ノルム空間の射影極限として書けない分離局所凸空間の例

概要

複数の文献に「任意の分離局所凸空間はノルム空間の射影極限として書ける」とあるのですが,その証明が回っていないような気がして,いろいろ考えていたら反例が作れたのでまとめました.

更新履歴

2020-08-27: 公開

2020-08-27: Twitterで p進大好きbot さんから次のような指摘を頂きました.ありがとうございます.(以下の文章は箱が解釈したもので,ご指摘いただいた文章そのままではありません.誤りがあれば箱の責任です.)

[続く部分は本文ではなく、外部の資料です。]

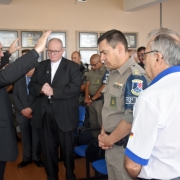Bispo Diocesano de Caxias do Sul vistando ao quartel da  BM na cidade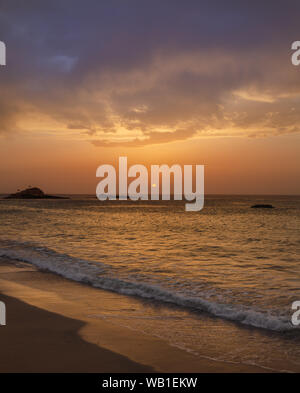 Le coucher du soleil sous le beau ciel bleu sur la plage Banque D'Images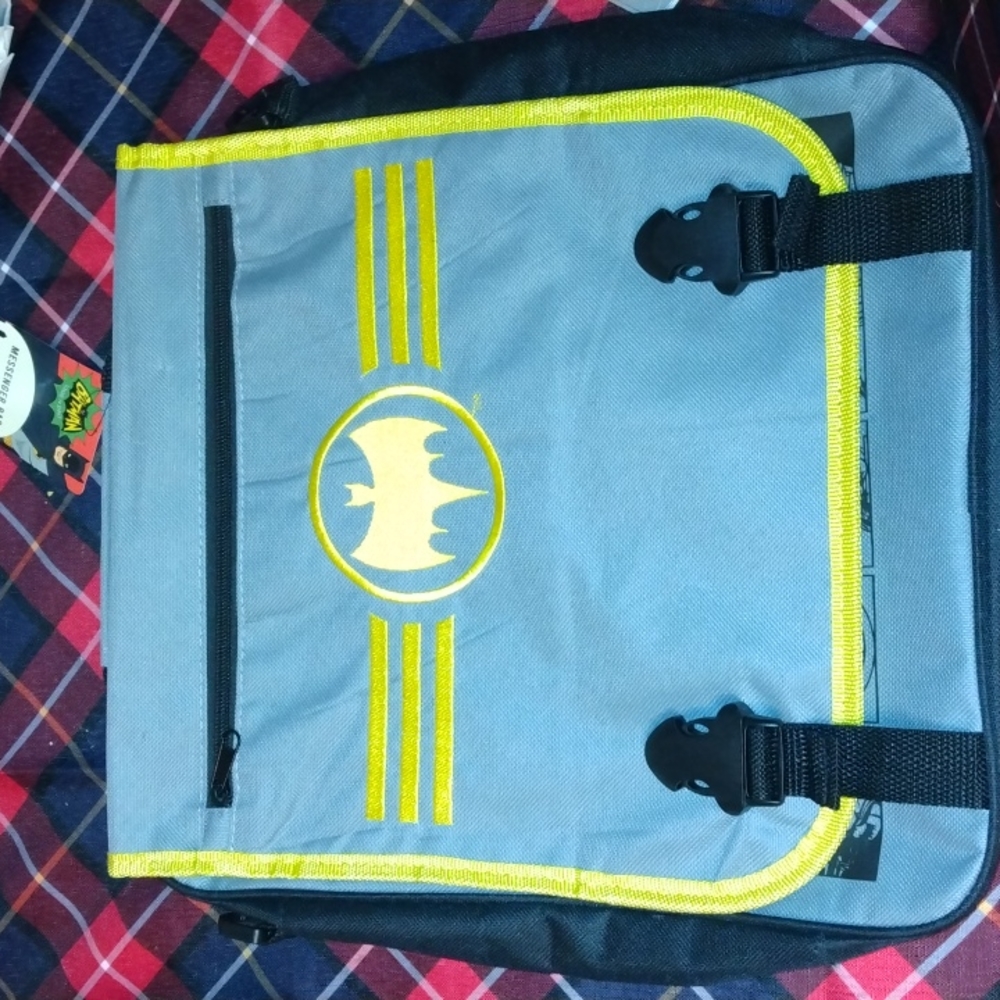 Loot crate Batman messenger bag NWT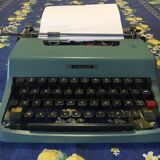Olivetti typewriter, model Lettera 32
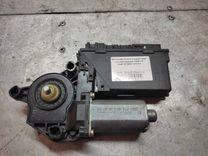 Моторчик стеклоподъемника задний правый IXAANW Audi A4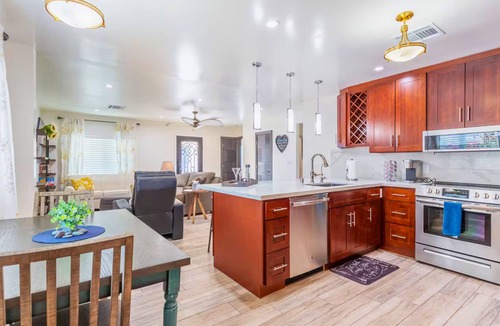 Riverside House | Downtown Tempe House Beauty with yard! Mill 3 blocks. ASU half mile.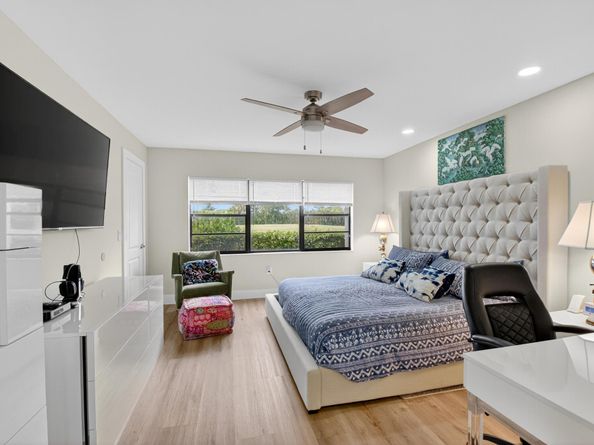17 Southport Lane E, Boynton Beach FL 33436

主張2の証明は次のように簡略化できる.Eがノルム空間の図式{F_λ}の逆極限として書けたとする.π_λ: E → F_λを構造射とする.するとF_λのノルムのπ_λによる引き戻しはE上の連続半ノルムだからKer π_λはEにおいて有限余次元であり,したがってIm π_λは有限次元,特に完備.したがって完備化の普遍性より,π_λ: E → Im π_λはπ’_λ: E’ → Im π_λ ⊆ F_λに一意に連続拡張できる(E’はEを真かつ稠密に含む局所凸空間ならなんでもよい.たとえば完備化をとればよい).拡張の一意性などからπ’_λたちが図式{F_λ}中の射とcompatibleであることがわかり,したがって逆極限の普遍性からπ’: E’ → Eを得る.ところがこれは包含写像E → E’の retraction であることが確かめられ,EはE’において閉ということになるが,これは矛盾.

この方法はより一般の圏でも有効であり,「逆極限でないことを示すには任意の図式を考える必要はなく,普遍的な図式のみを考えればよい」ということが適切な仮定(随伴関手定理の仮定)の下で成り立つということを表している.